Adhesive components of the outermost coating layer comprise (a) water soluble adhesive, (b) styrene-butadiene copolymer latex containing acrylonitrile of 10-35 mass % in the ratio of monomer and having an average diameter of 50-120 nm, and (c) copolymer latex other than the above (b), wherein when an amount of each of the above (a), (b), and (c) contained in the coating layer is denoted as (S) mass parts, (L1) mass parts, and (L2) mass parts based on 100 mass parts of pigment components of the coating layer, respectively, the value of A can be obtained by the following equation:
A(mass part)=2×(S)+1.5×(L1)+1×(L2)

Wherein, 0≦(S)<6, 0≦(L1), 0≦(L2),
(S)+(L1)+(L2)≦16
wherein when an amount of pigment components having an average particle diameter of 0.4 μm or less contained in the outermost layer is

A water soluble adhesive (a) may include a variety of starches such as oxidized starch, esterified starch, or cold water soluble starch, proteins such as casein, soybean albumin, or synthetic protein, cellulose derivatives such as carboxymethyl cellulose or methyl cellulose, polyvinyl alcohol and its degeneration. Copolymer latex (c) may include styrene-butadiene copolymer latex having an average diameter less than 50 nm or more than 120 nm, conjugate diene polymer latex of methyl methacrylate-butadiene copolymer, acrylic polymer latex, ethylene-vinyl acetate copolymer or the like.

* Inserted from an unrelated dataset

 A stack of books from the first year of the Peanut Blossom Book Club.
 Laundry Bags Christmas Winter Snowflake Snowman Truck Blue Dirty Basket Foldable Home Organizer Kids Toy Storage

When three components used for adhesive components of the outermost coating layer are compared in the same amount, respectively, a water soluble adhesive (a) has a greater effect of lowering the ink settability of the outermost coating layer compared with copolymers (b) and (c), in which the copolymer (b) has a greater effect compared with the copolymer (c). Therefore, all the adhesive components of the coating layer can be either (b) or (c) within a range that does not exceed 16 mass parts based on 100 parts of pigment components of the coated layer. However, when the adhesive (a) is used, the amount must be less than 6 mass parts. If 6 mass parts or more is used, there is a risk of degrading the whiteness and gloss of a coated paper. In addition, when the total amount of the above three components exceeds 16 mass parts based on 100 mass parts of pigment components of the outermost coating, it is impossible for the outermost coating layer to be given desirable ink settability.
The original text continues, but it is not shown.